Checking with your accountant, liquidator, or with HMRC can help you confirm the status of your eligibility and ensure that you are able to secure the relief you require and need.
Is MVL the same as administration?
MVL and administration are two processes that are often confused for one another. While both involve formal processes that help resolve insolvency, liquidation is based around taking steps to completely dissolve the company in question while administration allows the company in question to be salvaged or rescued at a point in the future.
Under administration, the company is placed under the control of a dedicated practitioner. This individual then has three key responsibilities-
- – Rescue: The business is to be salvaged to the point where it can potentially resume its activities
- – Restitution: If addressing issues facing the business is not possible, the individual works to achieve the best possible outcome for shareholders that would have been otherwise impossible through the liquidation process.
- – Reimbursement: If neither can be achieved, realised property and funds are used to distribute funds to key creditors.
Both processes are used to address challenges facing an insolvent company whose known liabilities surpass the assets it has access to or is unable to fully repay any debts that may be falling due.
How common is an MVL?
While the process may appear intimidating, undertaking an MVL is an everyday tool that is used by a number of businesses looking to take a tax efficient approach to restructure their organisation or ensure that they are closed down or reorganised correctly.

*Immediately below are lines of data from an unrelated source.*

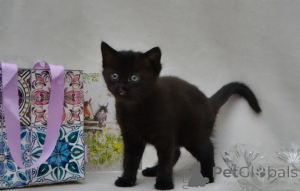 Photo №2 to announcement № 160414 for the sale of maine coon - buy in Germany breeder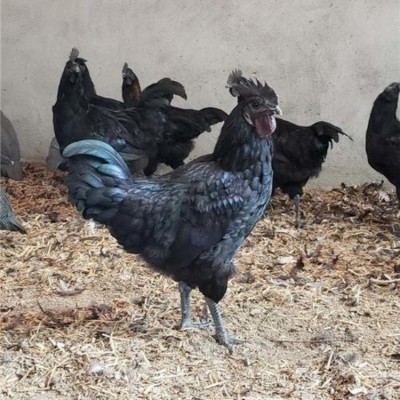 乌骨鸡苗批发 山地乌骨鸡苗 乌骨鸡苗售山地黑鸡图2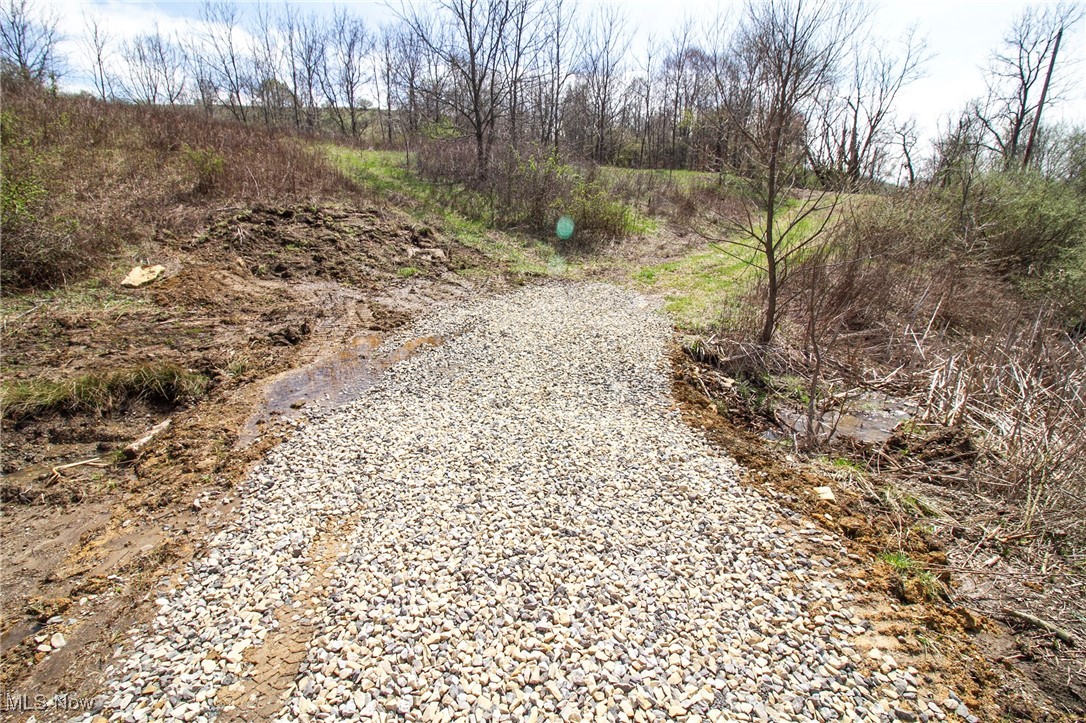 11 Acres Whiskey Run, Quaker City, Ohio image 9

Liquidation is an everyday process and annual company insolvencies number in the tens of thousands – with 17,196 liquidations in 2019 alone. A member’s voluntary liquidation is a lighter touch approach favoured by solvent businesses and offers a greater deal of control when it comes to resolving issues, taking the next step on your long-term strategy, or just winding up a business.

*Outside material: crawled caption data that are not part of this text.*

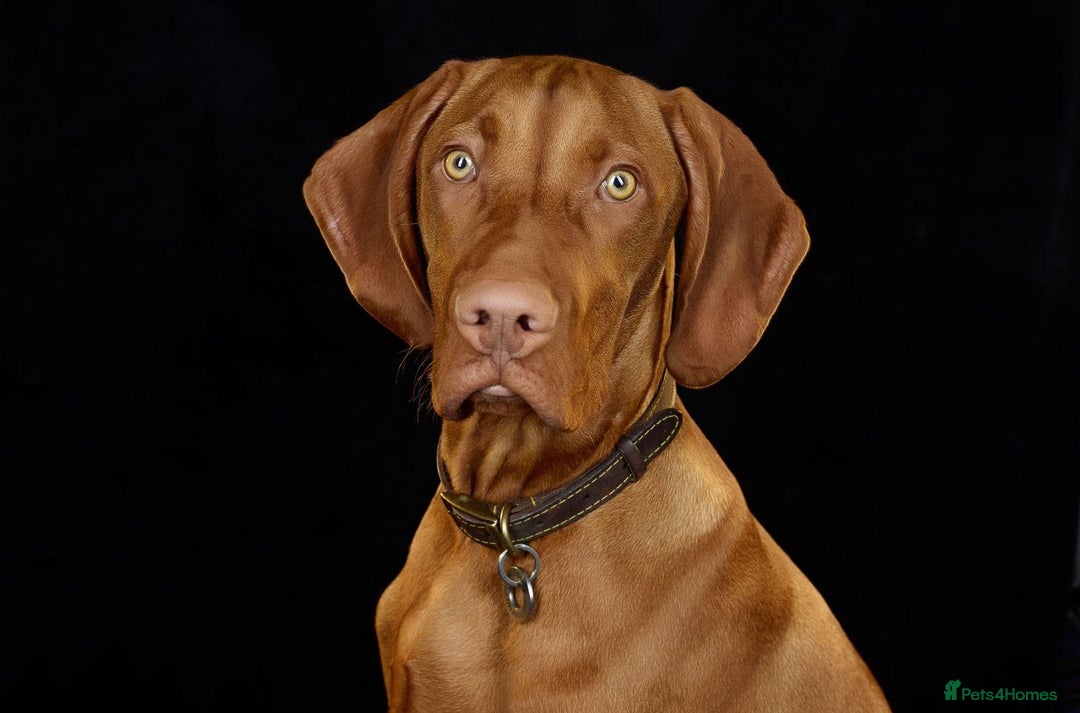 Hungarian Vizsla dogs for sale: 2 Hungarian vizlas available  - Advert 6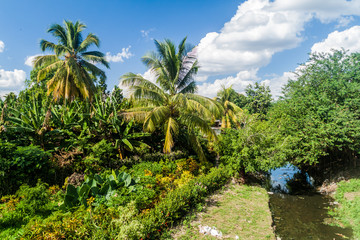 Fototapeta na wymiar Small creek in Las Tunas, Cuba
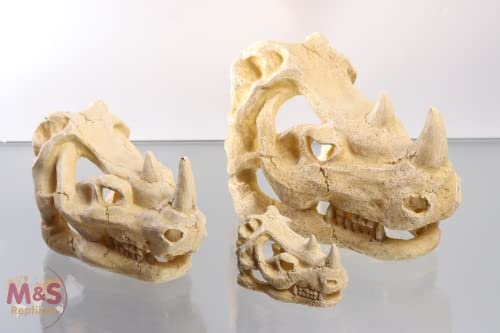 M&S Reptilien ReptiZoo Nashornschädel (Rhino Skull Hide Cave) (ERS35) Größen L von M&S Reptilien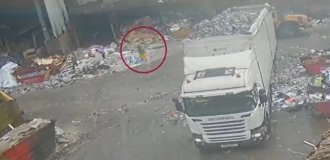 Мужчина оказался под колёсами погрузчика в свой первый рабочий день (3 фото + 1 видео)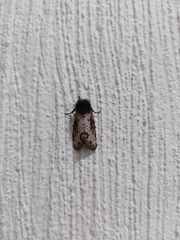 Xanthopastis timais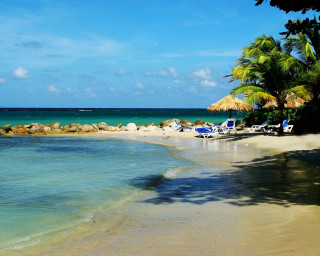 Beach chairs umbrellas ocean palm - beach free wallpaper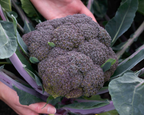 Purple Magic Hybrid Broccoli Seeds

However, the MVL process should never be entered into lightly and should involve a great deal of forethought and planning before making the decision to ‘pull the trigger’ on liquidating your assets.
What are the benefits of an MVL?
A favoured winding up choice by any solvent company, MVL’s carry a number of key benefits that can prove to be extremely attractive for a wide range of businesses and companies. These include-
Time and Cost Savings
: Choosing to undertake an MVL gives you greater control over the winding down process and allows you to set your timetable for events. This enables you to save on auditing and accountancy fees and efficiently realise the value of your business assets. Choosing the right external liquidator can also free director and management time when it comes to compliance, reports, and returns – freeing them up to strategise or carry out other mission critical tasks.

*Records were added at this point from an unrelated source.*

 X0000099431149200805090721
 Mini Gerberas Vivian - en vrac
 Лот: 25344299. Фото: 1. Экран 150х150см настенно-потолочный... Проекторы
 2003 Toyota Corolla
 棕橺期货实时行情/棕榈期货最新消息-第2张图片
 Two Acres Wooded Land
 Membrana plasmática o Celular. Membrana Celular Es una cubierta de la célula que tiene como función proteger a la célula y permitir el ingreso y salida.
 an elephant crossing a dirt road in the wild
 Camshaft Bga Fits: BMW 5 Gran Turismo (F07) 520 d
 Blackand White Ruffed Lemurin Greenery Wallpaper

: Choosing the right MVL provider massively reduces risk to directors and board members by divesting them of their position and isolating them from the MVL process. This allows companies to fully extract the right value from their business without any risk to their personal or professional reputation. As a licensed professional, the liquidator will ensure that every step is followed and administered to the highest possible standard.
: Hiring an external liquidator allows you to designate an individual who has full oversight of the process and ensures that compliance is fully followed. This ranges from taking a forensic approach to reviews and interviews, while ensuring that the letter of the law is followed, and every action is taken to ensure successful completion. This greatly reduces any follow-on work and makes taking additional commercial actions much easier. Hiring the right liquidator can also make the process clear and straightforward, increasing confidence in the process and simplifying what can be a daunting process.
While it is not the sole reason for choosing to wind up a business, entrepreneurial relief and other actions allow liquidators to secure lower tax rates for shareholders and ensure the timely return of monies to relevant parties. This allows for the efficient, fair extraction of value for the business and allows peace of mind when it comes to ensuring that the company is being closed down or reorganised in a way that it timely and efficient.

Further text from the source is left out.